Contrariando as declarações de António Lacerda Sales, Nuno Rebelo de Sousa diz ter tido uma reunião com o ex-secretário de Estado da Saúde, em novembro de 2019, com dois empresários brasileiros, no contexto da Web Summit, mas na qual não abordou o tema das gémeas. Abordou, sim, mais tarde, a 10 de novembro de 2019, numa mensagem de agradecimento pela reunião.

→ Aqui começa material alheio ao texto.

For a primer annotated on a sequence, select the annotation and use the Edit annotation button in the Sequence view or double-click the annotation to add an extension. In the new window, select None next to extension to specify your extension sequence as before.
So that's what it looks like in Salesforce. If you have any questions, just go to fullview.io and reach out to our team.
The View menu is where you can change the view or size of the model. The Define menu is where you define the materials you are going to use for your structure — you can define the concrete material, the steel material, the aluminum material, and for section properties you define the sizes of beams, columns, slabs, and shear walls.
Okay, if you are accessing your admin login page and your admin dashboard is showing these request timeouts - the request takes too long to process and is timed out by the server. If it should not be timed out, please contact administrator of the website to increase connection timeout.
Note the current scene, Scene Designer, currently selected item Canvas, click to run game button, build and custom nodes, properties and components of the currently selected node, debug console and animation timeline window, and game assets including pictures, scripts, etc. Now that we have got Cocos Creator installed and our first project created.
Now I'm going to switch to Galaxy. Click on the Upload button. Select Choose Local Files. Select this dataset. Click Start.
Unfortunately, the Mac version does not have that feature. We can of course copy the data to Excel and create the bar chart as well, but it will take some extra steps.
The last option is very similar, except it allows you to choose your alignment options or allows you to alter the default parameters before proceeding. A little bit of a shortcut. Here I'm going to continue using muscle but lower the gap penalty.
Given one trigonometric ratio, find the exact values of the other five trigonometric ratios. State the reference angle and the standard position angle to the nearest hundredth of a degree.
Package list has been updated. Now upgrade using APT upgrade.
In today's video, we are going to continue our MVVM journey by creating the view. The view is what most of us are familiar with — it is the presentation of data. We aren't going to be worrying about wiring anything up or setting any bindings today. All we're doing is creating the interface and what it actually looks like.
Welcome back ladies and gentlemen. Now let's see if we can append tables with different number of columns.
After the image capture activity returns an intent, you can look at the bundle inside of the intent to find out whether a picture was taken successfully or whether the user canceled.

Terá então perguntado ao governante se o podia ajudar a obter a informação que também procurara junto da Presidência da República sobre o especialista que trataria daquela doença, enviando-lhe, para o efeito, “a informação e os documentos” que a mãe das gémeas lhe enviara, mas diz, sem pedir que fosse feita qualquer pressão junto do Hospital de Santa Maria.
Segundo Nuno Rebelo de Sousa, Lacerda Sales terá respondido que “iria levantar a informação pedida” e, passadas duas semanas, voltou por mensagem a dizer que já tinha “conseguido reunir a informação e que alguém do seu gabinete iria entrar em contacto com os pais das crianças”. A partir daí, Nuno Rebelo de Sousa diz não ter tido mais nenhum contacto sobre este caso, nem sequer com os pais das gémeas.
Daniela Martins deverá ter de esclarecer qual a sequência de contatos com Nuno Rebelo de Sousa e quem do gabinete de Lacerda Sales a contactou.
Ao contrário do que concluiu a inspeção da IGAS, Lacerda Sales continua a afirmar que não marcou qualquer consulta para as meninas nem deu qualquer ordem nesse sentido. A sua secretária disse à IGAS ter recebido essa ordem, mas Lacerda Sales desmente.
A médica Teresa Morena contou ter recebido “três telefonemas da diretora do departamento dizendo que havia indicação do diretor clínico para marcar as consultas para as gémeas”, ao que terá alertado que a família não queria apenas a consulta, mas o tratamento com o fármaco Zolgensma. Teresa Morena estava contra porque as crianças já estavam a receber tratamento do Brasil e o mesmo tinha grande impacto financeiro para o SNS mas foi informada noutro telefonema que “o diretor clínico tinha insistido pela marcação da consulta para as crianças, por indicação da Secretaria de Estado”.

Como foi o processo para obter a nacionalidade portuguesa? Em que momento começou, quando terminou, com que ajudas contou? Por que razão procurou Portugal para obter os tratamentos para as suas filhas? 

Ainda não está esclarecido porque razão os pais das gémeas procuraram Portugal para obter o tratamento inovador. Subsistem ainda dúvidas sobre se terá havido tratamento de favor também na obtenção da nacionalidade portuguesa, já que o mesma lhes terá sido atribuída em apenas 14 dias, e a mesma era essencial para que tivessem acesso ao tratamento no Serviço Nacional de Saúde (SNS). A adensar as dúvidas, recorde-se que, sobre este caso, a ex-ministro da Justiça Catarina Sarmento e Castro confirmou que o processo de concessão de nacionalidade foi tratado com “prioridade”. Porquê e a pedido de quem?